Exercise objective: Return the full listing unchanged, apart from leaving out its images.

Raw data:
┄┄┄┄┄┄┄┄┄┄

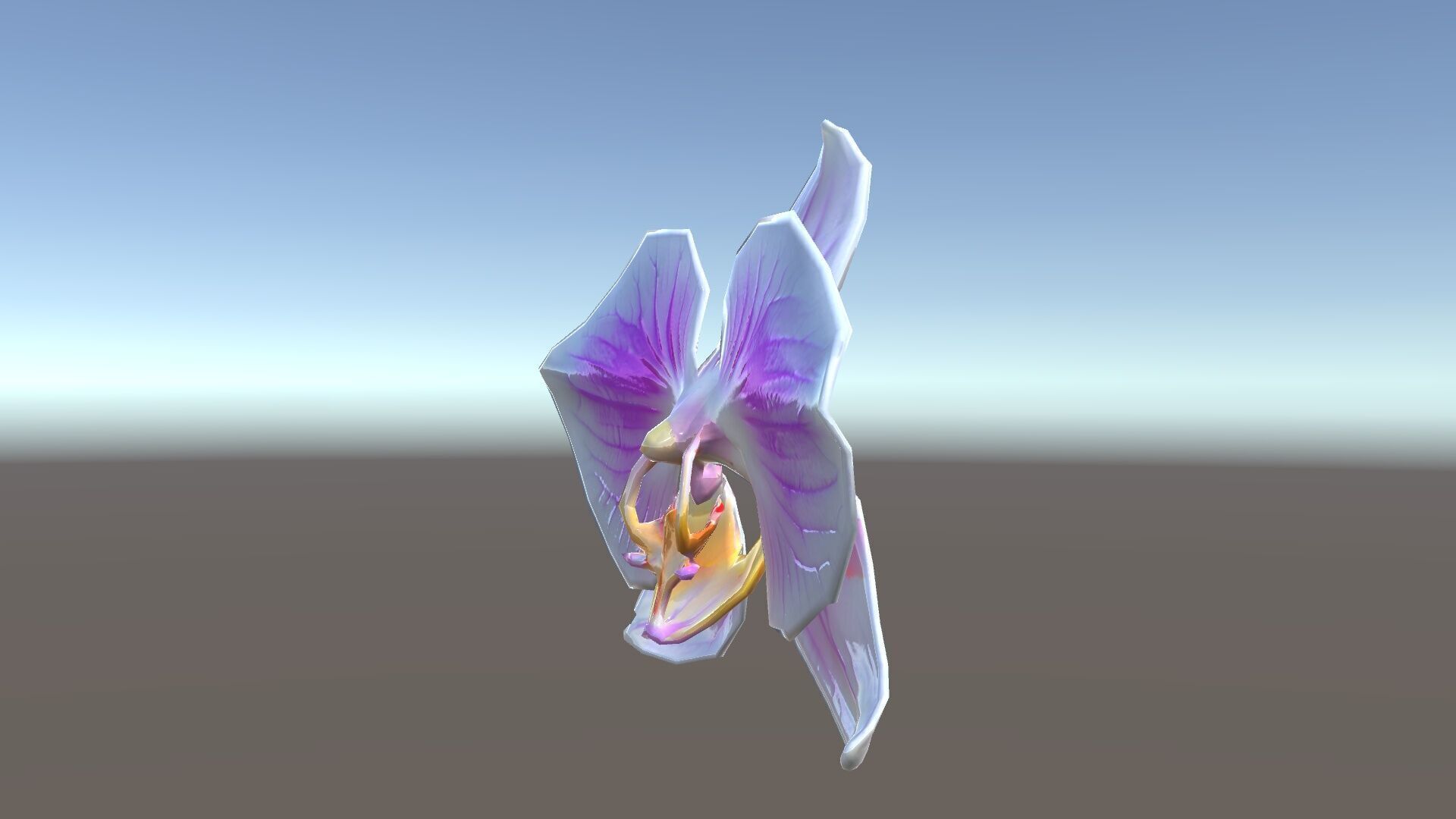 Phalaenopsis Orchid D Model Pack Low-poly 3D model_30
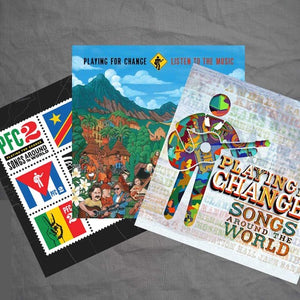 Songs Around The World Albums Bundle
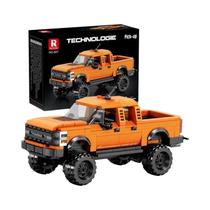 Blocos De Montar Caminhão De Carga Para Crianças 423PCS Modelo De Carro De Carga Da Cidade Blocos De Montar Caminhão De Carga Para Crianças 423PCS Modelo De Carro De Carga Da Cidade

┄┄┄┄┄┄┄┄┄┄

Written answer:
 Phalaenopsis Orchid D Model Pack Low-poly 3D model_30
 Songs Around The World Albums Bundle
 Blocos De Montar Caminhão De Carga Para Crianças 423PCS Modelo De Carro De Carga Da Cidade Blocos De Montar Caminhão De Carga Para Crianças 423PCS Modelo De Carro De Carga Da Cidade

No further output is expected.